At any rate, China has long passed Nazi Germany to clinch the silver medal spot.

For all the antiquity and splendor of China and the greatness of its people, China’s history as a nation is quite recent and Beijing finds itself in an awkward position. The maturity of China’s culture has not been reconciled with the immaturity of its governing institutions – which in turn cannot balance Beijing’s desire for stability at any cost with its craving for international respectability.

In China, if everything is not in harmony, then disharmony is the unhappy result. Bejing’s desire to keep its people firmly under thumb while getting an international thumbs-up is going to lead to disharmony.

Olympic games bring respectability and – like Hitler’s Berlin and Soviet Moscow -- the Beijing government is trying to put its best face on. The results can be safely predicted. Reporters will be welcome to shoot ‘wonderful place’ stories in Beijing and China’s major cities, with ample supplies of happy children and cheerful elders to show how good life in China really is. Journalists who wander off the beaten track will helpfully find themselves levered right back on to it by polite policemen – and if they don’t take the hint, by less polite policemen.

It is safe to say that the camera lights in Beijing will not reach the Sinkiang labour camps or into Tibet. But then, the camera lights in Berlin didn’t reach Dachau, and those in Moscow didn’t reach the dissidents imprisoned in psychiatric hospitals or the Soviet forces in Afghanistan.

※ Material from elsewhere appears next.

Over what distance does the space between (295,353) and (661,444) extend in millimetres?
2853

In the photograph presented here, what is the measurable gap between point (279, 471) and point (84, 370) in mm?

The entire point of the Olympiad is to honor the human spirit. The Games shouldn’t go to those who try to crush it. For the most part, the games have rightly had their home among people who nurture the human spirit – the citizens of liberal democratic nations. Excepting the 1936 Games and Moscow in the summer of 1980 (and Sarajevo in the winter of 1984), free peoples have always hosted the Olympics.

Giving the games to Beijing might ‘complete’ the triad of ultra-lethal totalitarian hosts for the Olympiad, but it is an honor that the Peoples Republic of China should go without. But if Beijing does get the games, they should go without Canadian representation.

Democracy? The games shouldn’t have a home without it.